Dear Janko,
I am afraid I cannot answer what you ask since I share the views expressed by:
J.L. Synge in his excellent General relativity book: "The Principle of Equivalence performed the essential office of midwife at the birth of general relativity... I suggest that the midwife be now buried with appropriate honours and the facts of absolute space-time faced."
Einstein himself, later in his life, changed his opinion of Mach's principle and wrote: "Actually, one should no longer speak of Mach's principle at all."

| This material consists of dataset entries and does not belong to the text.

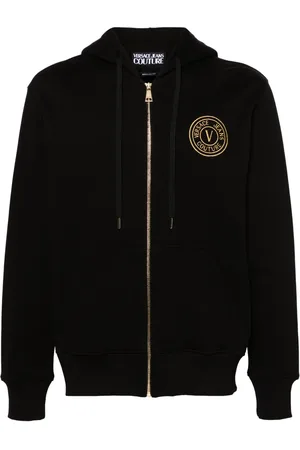VERSACE Logo-embroidered zip-up hoodie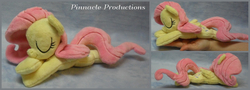 Size: 5000x1800 | Tagged: safe, artist:bluedragonflyplush, fluttershy, pegasus, pony, g4, beanie (plushie), eyes closed, female, folded wings, hand, irl, mare, photo, plushie, prone, sleeping, solo, wings
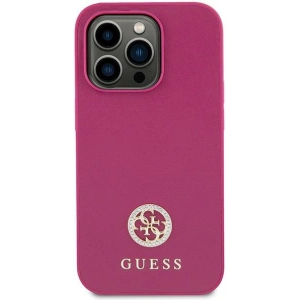 Etui Guess GUHCP15SPS4DGPP Apple iPhone 15 hardcase Strass Metal Logo różowy/pink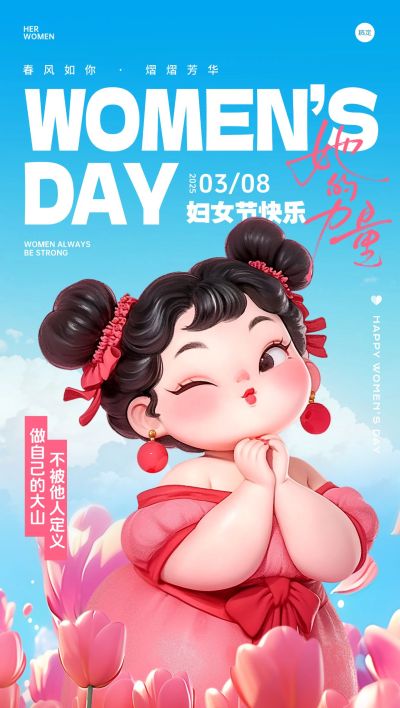 38妇女节软3D风石矶娘娘海AIGC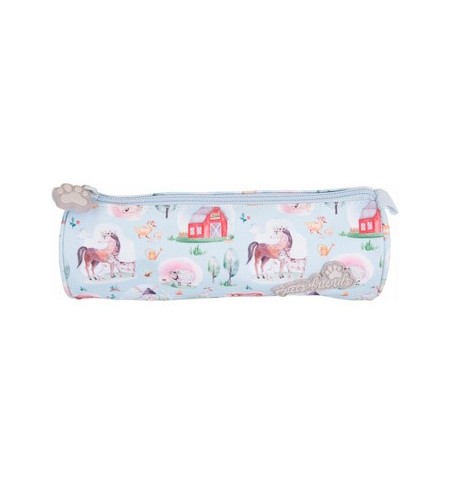 Estojo Redondo Ambar Pets Friends Farm Azul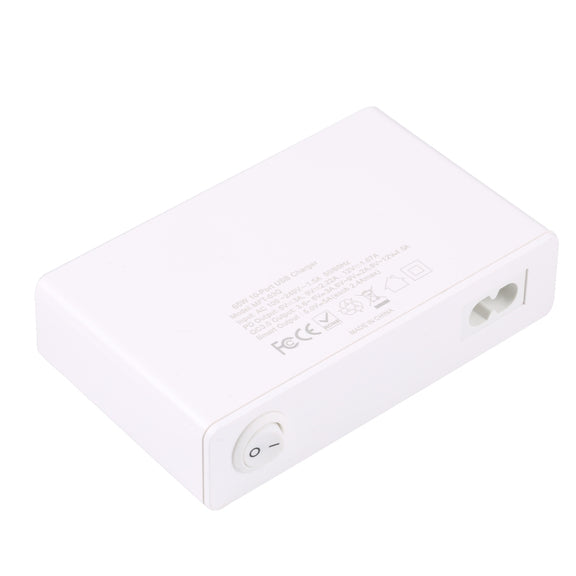 MFT-03Q 10 in 1 65W QC3.0 USB Smart Fast Charger, Plug Type:AU Plug(White)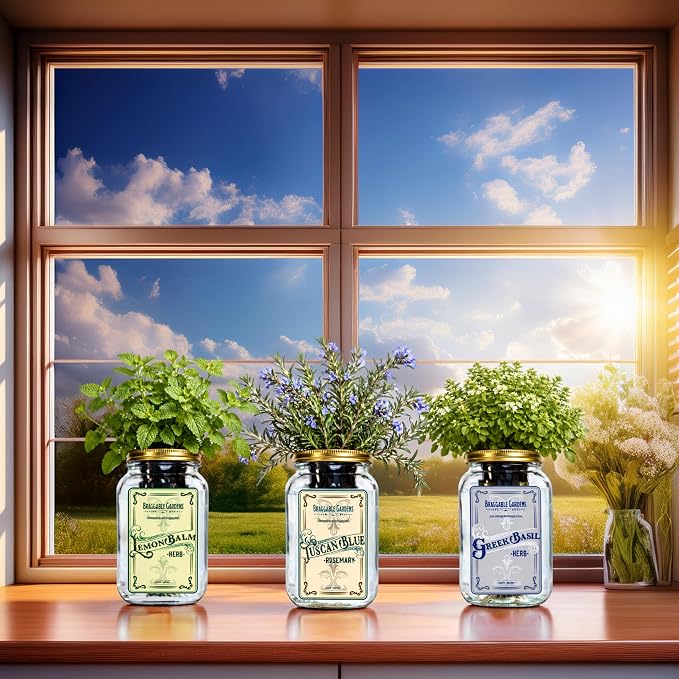 Chef’s Herb Garden Mason Jar Grow Kit (3 Pack) – Tuscan Blue Rosemary, Greek Basil & Lemon Balm – Indoor Hydroponic Herb Growing Kit – Windowsill Kitchen Herb Garden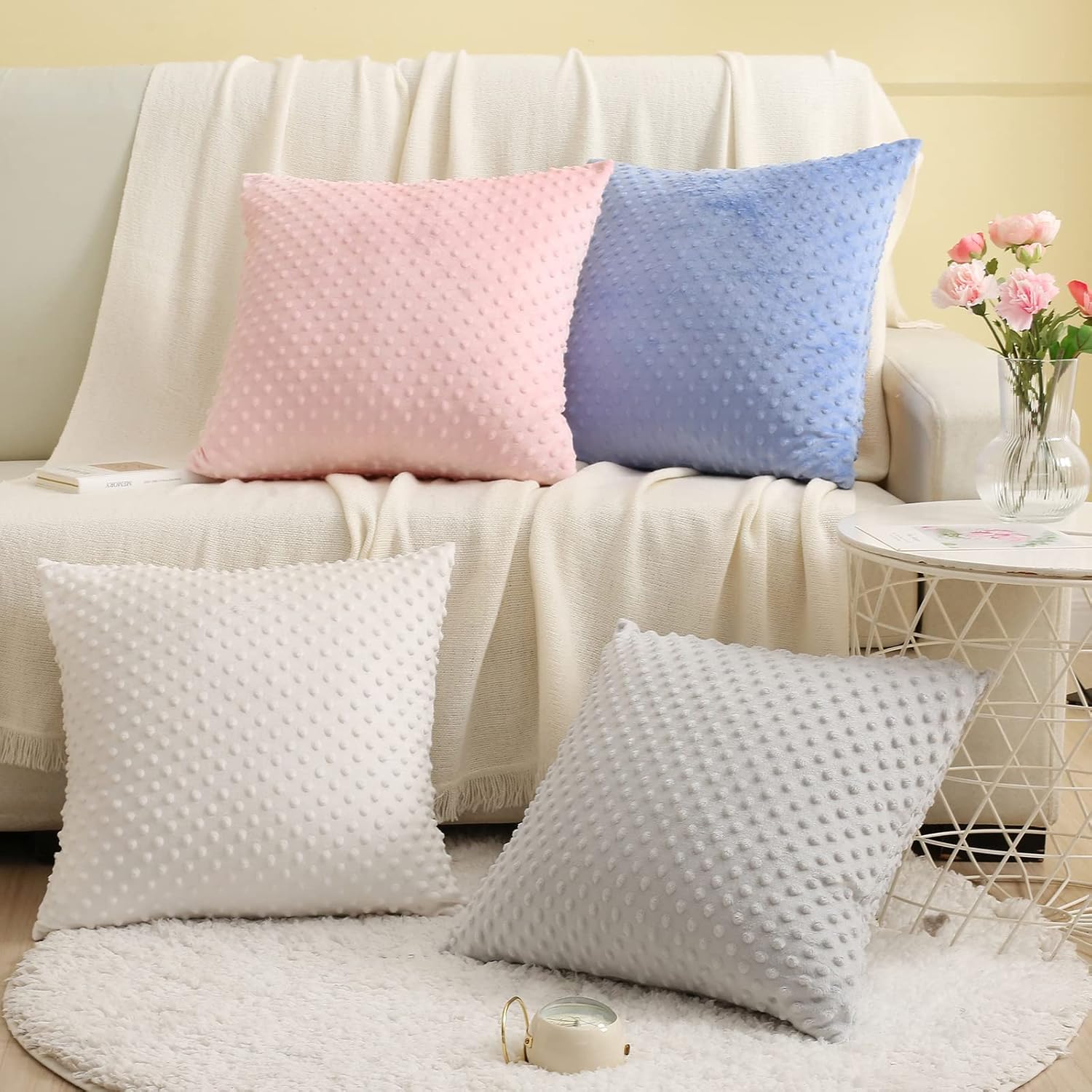 DaysU Juego de 2 fundas de almohada decorativas de felpa suave y sedosa con puntos elevados relajantes, fundas de almohada decorativas de 18 x 18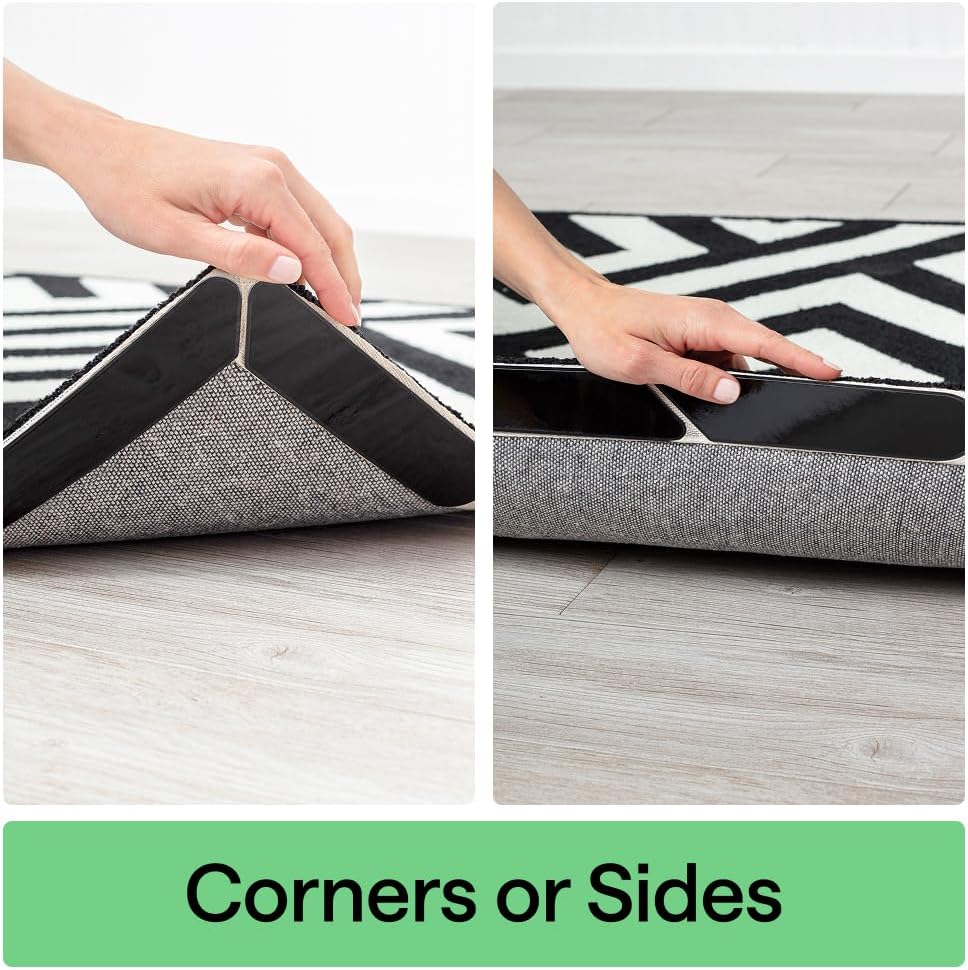 GORILLA GRIP® Rug Grippers, Extra Long Reusable Double-Sided Adhesives Pads Keep Area Rugs Corners Flat, Grips Hardwood, Tile and Laminate Floors, Renter Friendly, Holds Down Carpet in Place, 8 Pcs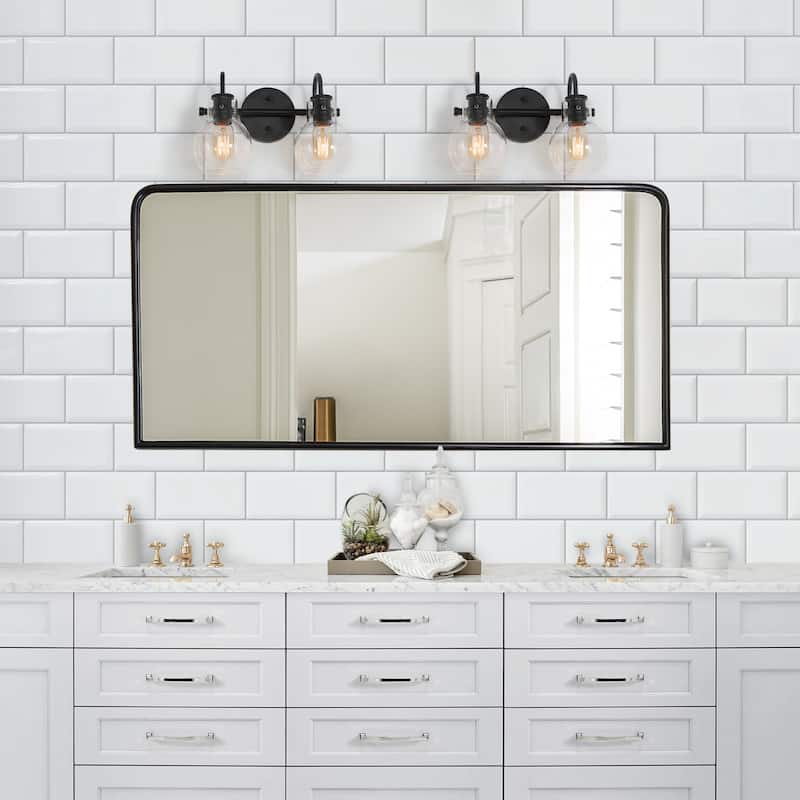 Olia Modern Black 3-Light Bathroom Vanity Light Orb Glass Wall Sconces Minimalist Design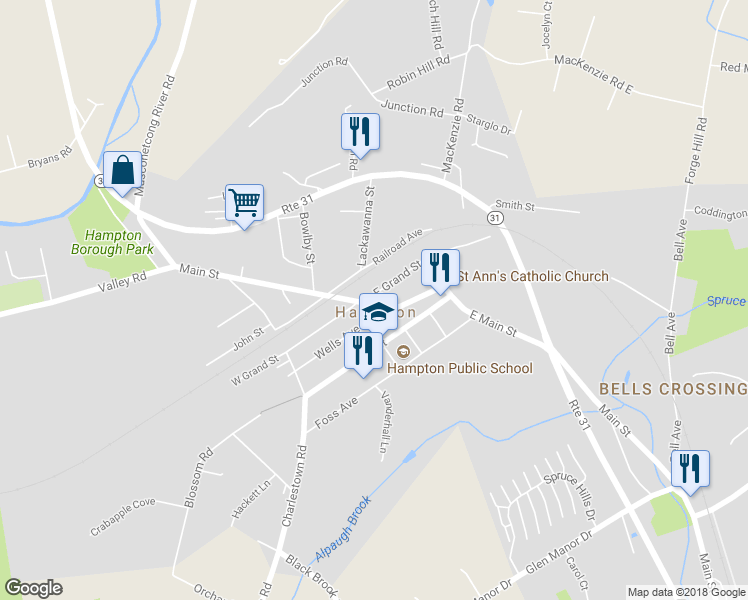 map of restaurants, bars, coffee shops, grocery stores, and more near 58 Main Street in Hampton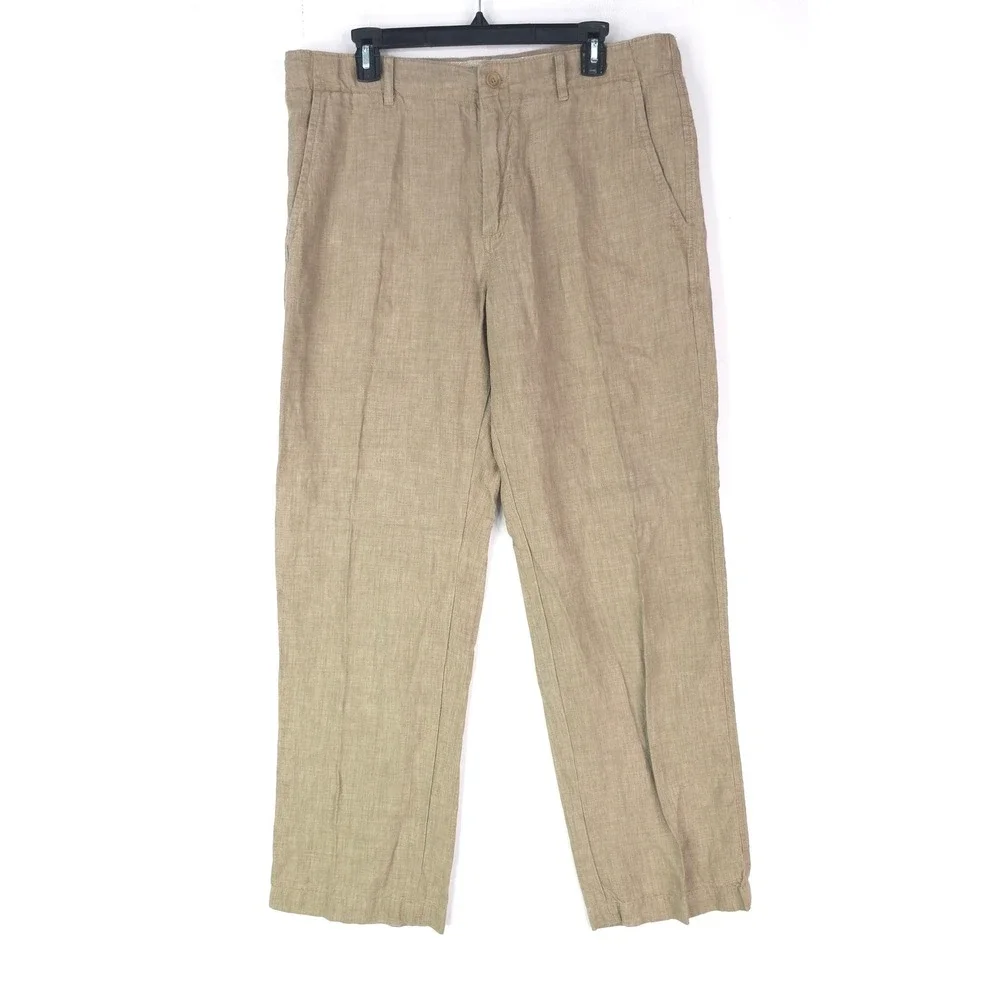 Banana Republic Mens 36X34 Fit 36X33 Tan 100% Linen Pants Flat Front Relaxed Fit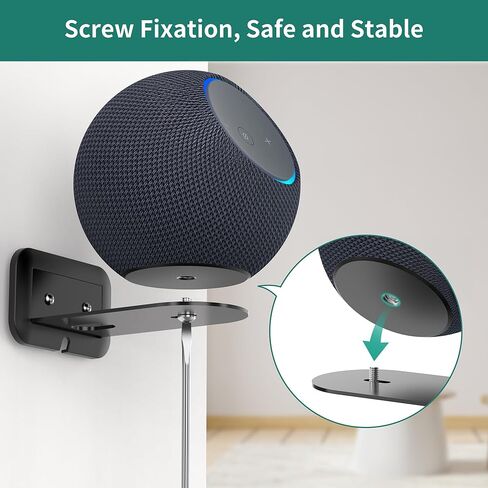 حامل جداري لمكبر صوت قابل للتعديل من HomeMount لمكبرات صوت Sonos Era 100 وEra 300، حامل استوديو صدى عالي التحمل مع إدارة الكابلات، حامل جداري لمكبر صوت صوت محيطي ثابت وآمن، زوج واحد، أسود in Kuwait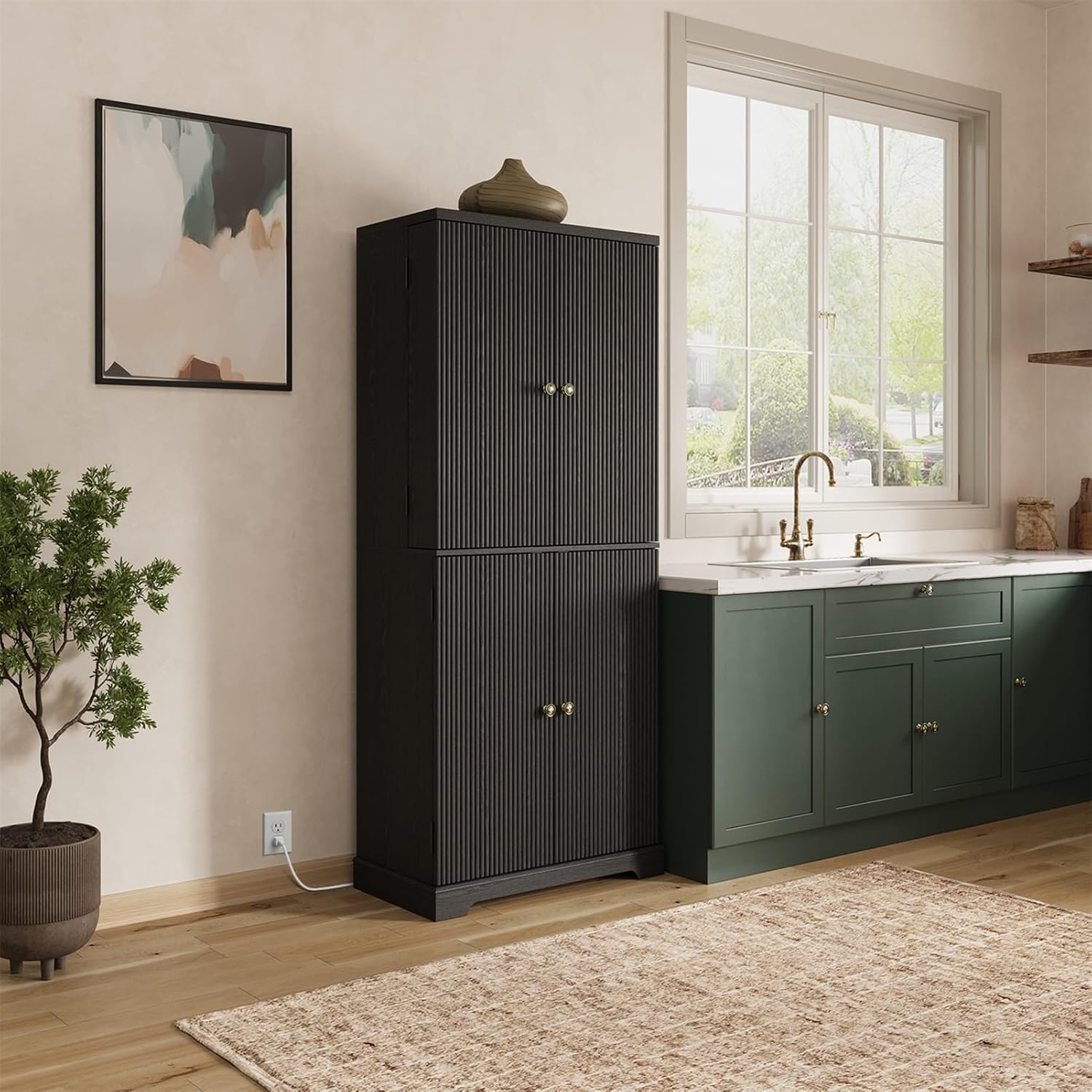 71" Tall Fluted Kitchen Pantry Cabinet, Modern Fluted Pantry Cabinet with Doors, Kitchen Pantrys Storage Cabinets with Drawer and Adjustable Shelves Doors for Dining Room, Living Room, Bathroom Black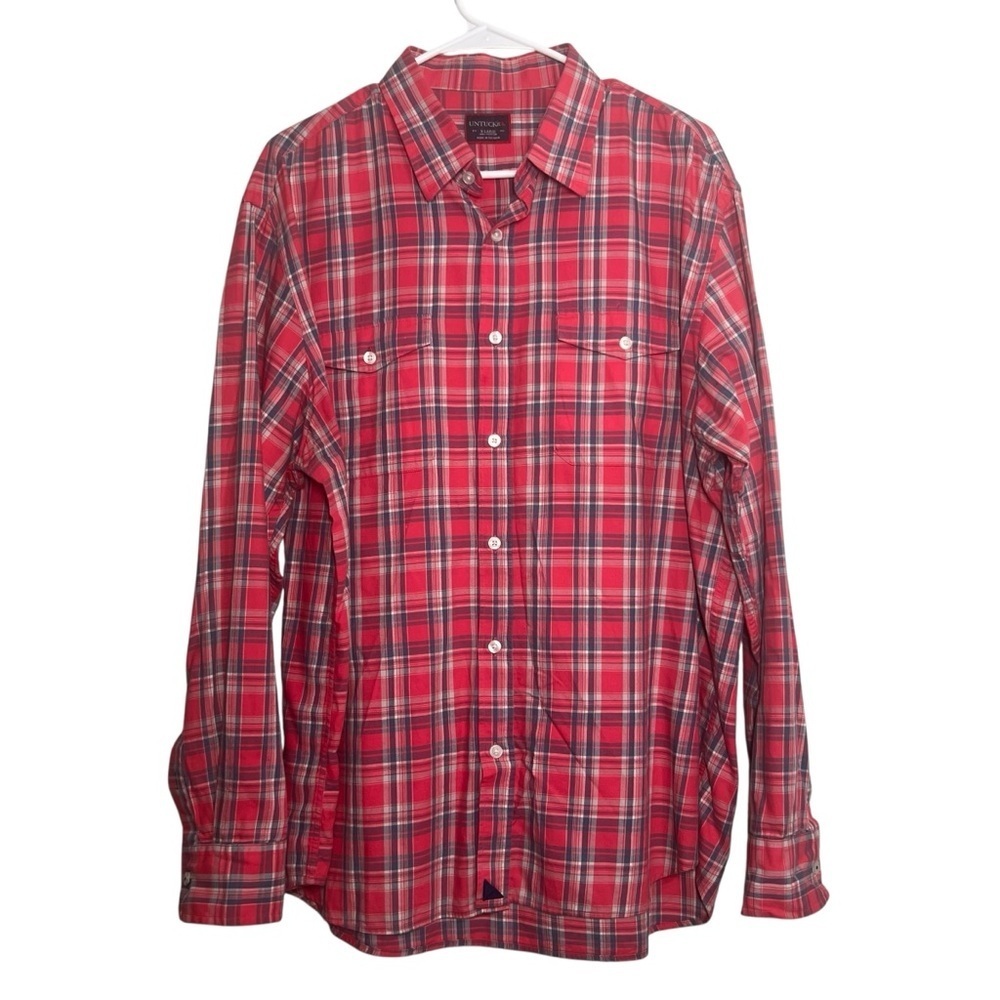 UNTUCKit Shirt Mens Size XL Red Blue Plaid Long Sleeve Cotton Soft Casual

And here is why I think Mach's ideas contradict spacetime physics (properly understood in terms of Minkowski's four-dimensional formulation of Einstein's special relativity). Only two examples:
1. According to Mach, if there existed a single particle in the universe, one could not say anything about its motion (e.g., whether it is moving with constant velocity or is accelerating). That is true in Einstein's original special relativity, but clearly wrong in its accepted Minkowski's formulation: if there existed a single particle in the universe, its worldline would be either straight (which, in three-dimensional language, means that the particle is moving with constant velocity) or curved (representing accelerated motion).
2. According to Mach, one cannot distinguish between the Copernican and the Ptolemaic systems because, on Mach's view, it is not clear what orbits what. This is plain wrong in spacetime physics because the worldlines (rather worldtubes) of the planets are helixes around the worldtube of the Sun (which, in three-dimensional language, means that it is the planet that orbit the Sun).